O Brasil perdeu mais de US$ 100 milhões no primeiro semestre deste ano com o declínio nas exportações de carne de frango provocado, principalmente, pela crise asiática. Nos primeiros seis meses do ano, a receita cambial com as exportações totalizou US$ 342,459 milhões FOB contra US$ 449,505 milhões no mesmo período de 97, um recuo de 23,8%, de acordo com a Associação Brasileira dos Exportadores de Frango.
O declínio nos volumes exportados foi de 10,9% (incluindo frango inteiro e em cortes), passando de 325.078t no primeiro semestre de 97 para 289.643t de janeiro a junho deste ano. O preço médio do produto brasileiro no período recuou 14,5%, passando de US$ 1.383,00 por tonelada para US$ 1.182,00.
Além da crise asiática, a Abef aponta ainda a recessão na economia japonesa, as políticas de subsídios dos Estados Unidos e da França e o protecionismo da União Européia como motivos para a queda nas exportações.
Japão De acordo com os exportadores, as principais perdas nas vendas no primeiro semestre foram registradas na Ásia, com redução de 17,75% nos volumes e de 27,3% na receita cambial. O destaque na Ásia foi o Japão, cujas vendas tiveram queda de 29,95% em volume no período e de 30% na receita cambial.

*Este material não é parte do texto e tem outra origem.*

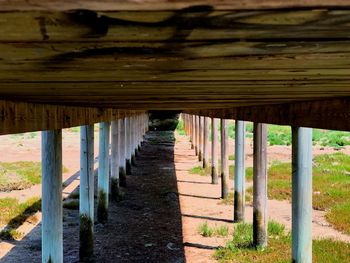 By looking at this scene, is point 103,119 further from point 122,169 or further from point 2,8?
point 122,169

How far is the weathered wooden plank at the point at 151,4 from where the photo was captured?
81 centimetres

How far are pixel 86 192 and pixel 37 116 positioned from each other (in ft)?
15.0

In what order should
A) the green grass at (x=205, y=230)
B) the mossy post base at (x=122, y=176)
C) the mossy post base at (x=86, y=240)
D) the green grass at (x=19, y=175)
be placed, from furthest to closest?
the mossy post base at (x=122, y=176)
the green grass at (x=19, y=175)
the green grass at (x=205, y=230)
the mossy post base at (x=86, y=240)

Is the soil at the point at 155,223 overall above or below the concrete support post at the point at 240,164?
below

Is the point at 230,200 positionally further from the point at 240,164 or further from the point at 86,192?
the point at 86,192

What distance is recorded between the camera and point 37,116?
402 centimetres

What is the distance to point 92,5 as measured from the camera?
0.83 meters

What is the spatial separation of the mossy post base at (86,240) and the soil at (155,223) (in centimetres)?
13

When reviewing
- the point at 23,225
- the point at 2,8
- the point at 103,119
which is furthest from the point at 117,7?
the point at 23,225

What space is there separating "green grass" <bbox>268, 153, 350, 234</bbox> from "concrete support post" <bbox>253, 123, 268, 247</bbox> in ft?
7.40

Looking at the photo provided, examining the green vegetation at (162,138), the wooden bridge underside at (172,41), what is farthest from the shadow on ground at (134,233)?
the green vegetation at (162,138)

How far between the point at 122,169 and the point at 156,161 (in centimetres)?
772

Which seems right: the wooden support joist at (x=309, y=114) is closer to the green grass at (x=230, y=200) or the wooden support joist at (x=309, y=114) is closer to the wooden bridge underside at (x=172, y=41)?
the wooden bridge underside at (x=172, y=41)

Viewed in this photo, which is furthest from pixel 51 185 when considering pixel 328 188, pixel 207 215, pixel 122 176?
pixel 328 188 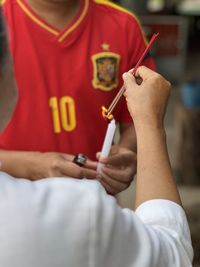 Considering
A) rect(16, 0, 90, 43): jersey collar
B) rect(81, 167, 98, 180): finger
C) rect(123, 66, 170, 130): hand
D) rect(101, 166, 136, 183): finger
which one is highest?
rect(16, 0, 90, 43): jersey collar

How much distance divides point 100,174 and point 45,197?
54 cm

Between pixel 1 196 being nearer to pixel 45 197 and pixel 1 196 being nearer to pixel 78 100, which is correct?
pixel 45 197

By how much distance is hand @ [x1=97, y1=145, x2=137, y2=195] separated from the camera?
141 cm

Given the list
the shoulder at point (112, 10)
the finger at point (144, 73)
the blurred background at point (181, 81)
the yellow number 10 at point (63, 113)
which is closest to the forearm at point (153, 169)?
the finger at point (144, 73)

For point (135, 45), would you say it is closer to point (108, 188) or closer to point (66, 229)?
point (108, 188)

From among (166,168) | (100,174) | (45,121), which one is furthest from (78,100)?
(166,168)

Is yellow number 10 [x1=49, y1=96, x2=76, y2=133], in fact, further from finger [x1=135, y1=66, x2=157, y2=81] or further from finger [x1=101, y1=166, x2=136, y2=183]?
finger [x1=135, y1=66, x2=157, y2=81]

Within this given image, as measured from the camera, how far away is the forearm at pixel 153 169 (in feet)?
3.32

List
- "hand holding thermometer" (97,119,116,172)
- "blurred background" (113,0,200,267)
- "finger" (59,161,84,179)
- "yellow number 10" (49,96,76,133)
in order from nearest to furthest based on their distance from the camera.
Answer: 1. "hand holding thermometer" (97,119,116,172)
2. "finger" (59,161,84,179)
3. "yellow number 10" (49,96,76,133)
4. "blurred background" (113,0,200,267)

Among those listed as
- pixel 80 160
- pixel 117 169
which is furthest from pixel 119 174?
pixel 80 160

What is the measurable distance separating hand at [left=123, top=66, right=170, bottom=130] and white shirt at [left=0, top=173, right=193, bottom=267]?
20 cm

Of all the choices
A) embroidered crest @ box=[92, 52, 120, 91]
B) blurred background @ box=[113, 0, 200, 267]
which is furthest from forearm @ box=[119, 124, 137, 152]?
blurred background @ box=[113, 0, 200, 267]

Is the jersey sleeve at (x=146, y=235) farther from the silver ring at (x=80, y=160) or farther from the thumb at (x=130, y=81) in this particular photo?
the silver ring at (x=80, y=160)

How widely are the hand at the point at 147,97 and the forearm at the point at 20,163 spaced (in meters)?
0.41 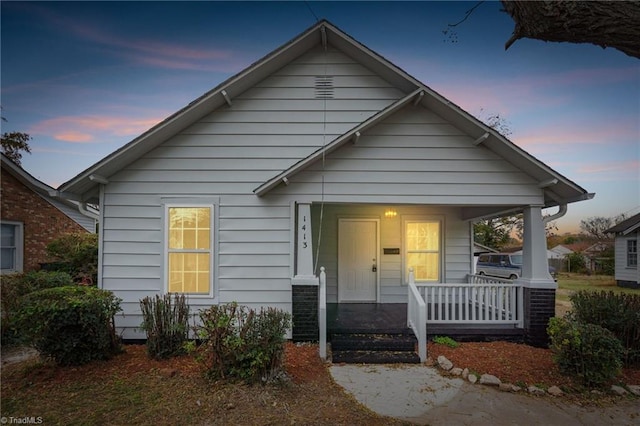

As vendas para a Europa também tiveram um forte declínio se comparados os dois semestres. Em volume, o recuo foi de 13,06% e em receita, de 30,73%.
Exportação de cortes - As exportações para a Rússia tiveram declínio de 73% em volume e de 78% em receita cambial por causa da crise econômica local. Mas além da crise, o Brasil está tendo dificuldades de colocação de produto brasileiro no mercado russo por causa da concorrência com a França, cuja exportação é subsidiada, segundo o diretor-executivo da Abef, Cláudio Martins.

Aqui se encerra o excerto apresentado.